• What to work on
All entries need to be written out again exactly, without their pictures.

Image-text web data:
━━━
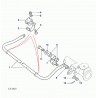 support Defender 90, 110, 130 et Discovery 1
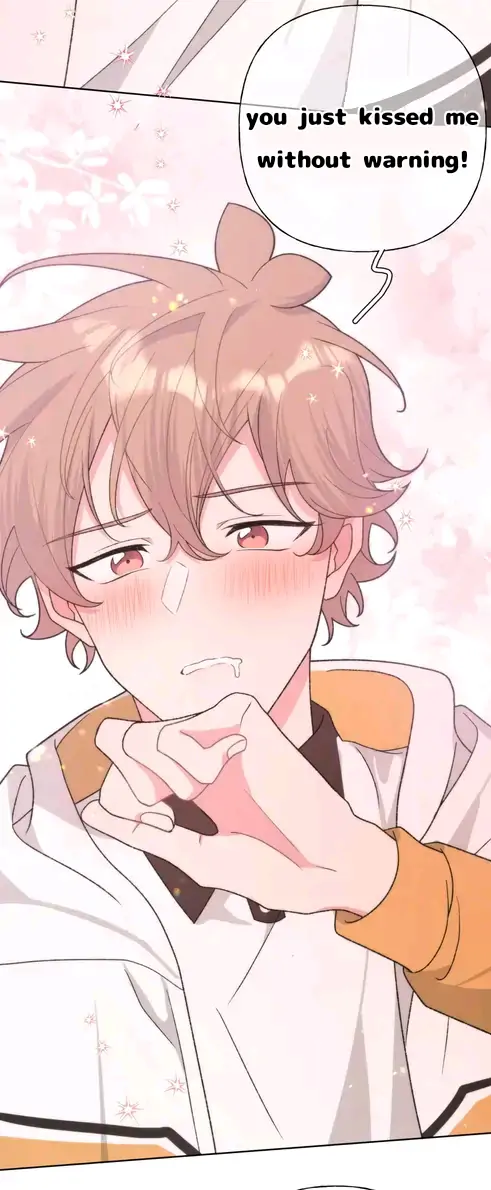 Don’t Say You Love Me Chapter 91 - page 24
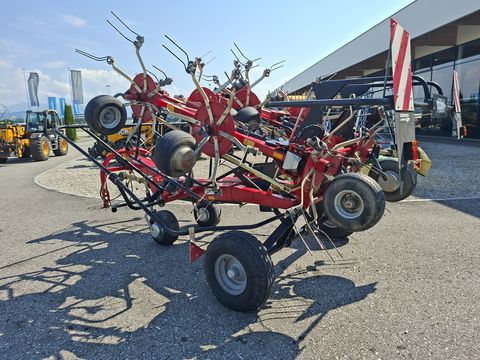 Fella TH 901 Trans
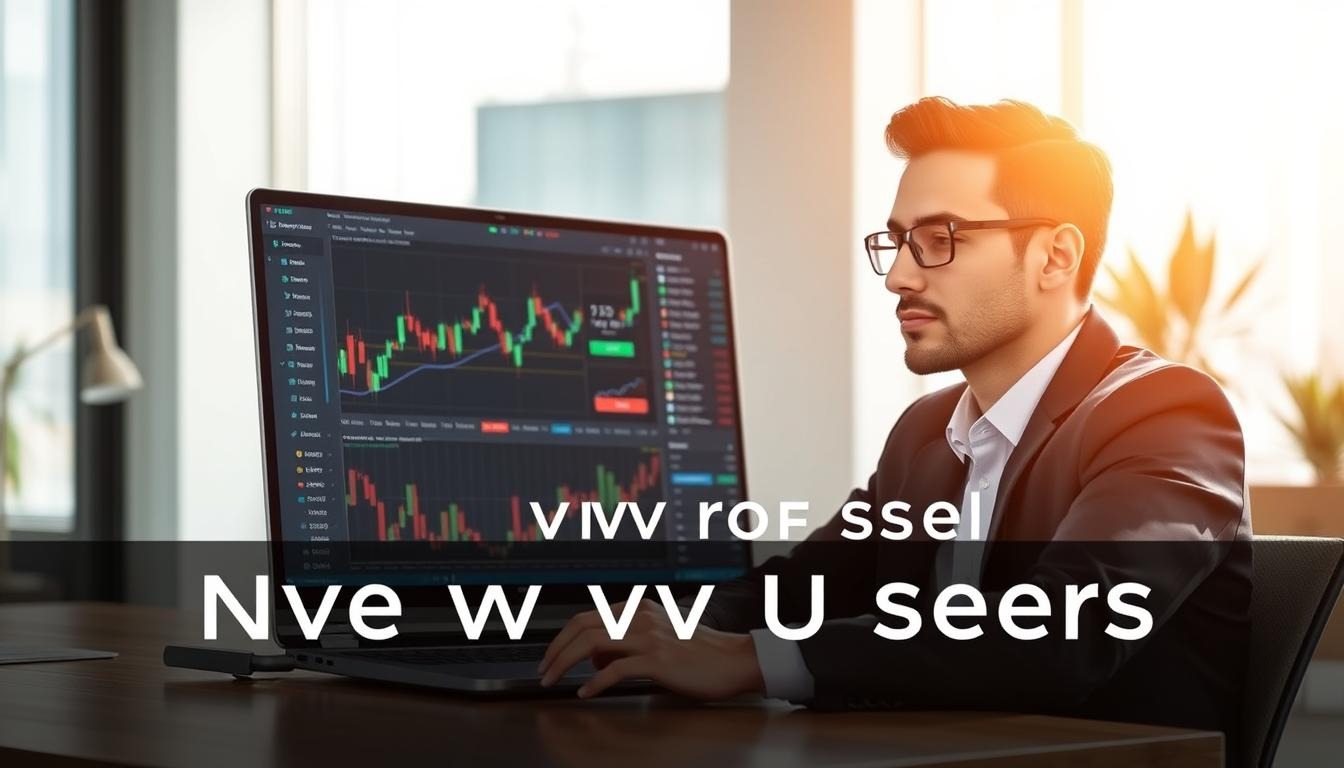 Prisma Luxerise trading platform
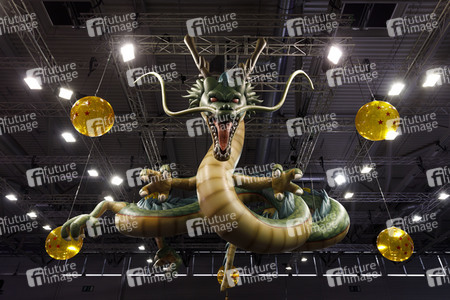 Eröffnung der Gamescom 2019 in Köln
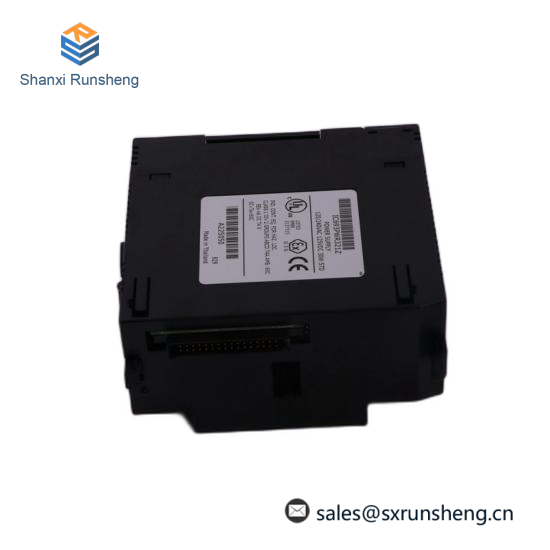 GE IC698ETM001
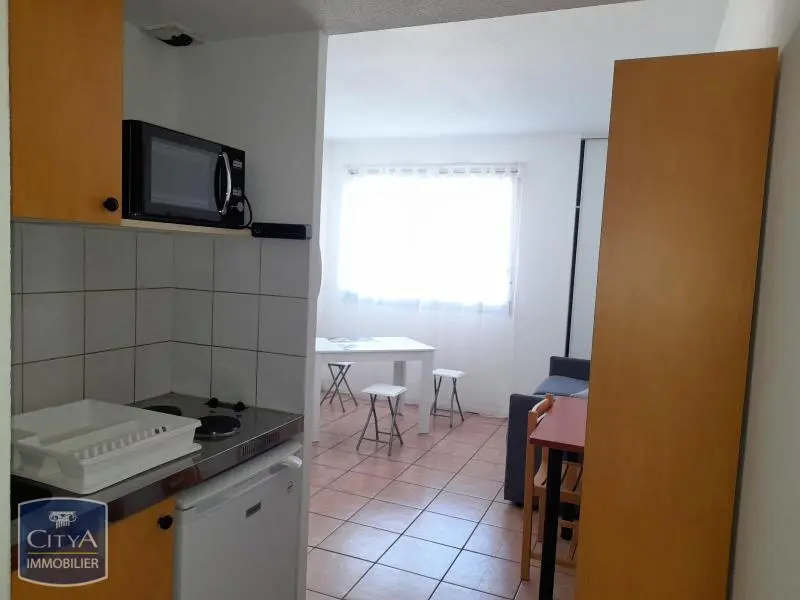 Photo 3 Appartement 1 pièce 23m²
━━━
• Answer area
 support Defender 90, 110, 130 et Discovery 1
 Don’t Say You Love Me Chapter 91 - page 24
 Fella TH 901 Trans
 Prisma Luxerise trading platform
 Eröffnung der Gamescom 2019 in Köln
 GE IC698ETM001
 Photo 3 Appartement 1 pièce 23m²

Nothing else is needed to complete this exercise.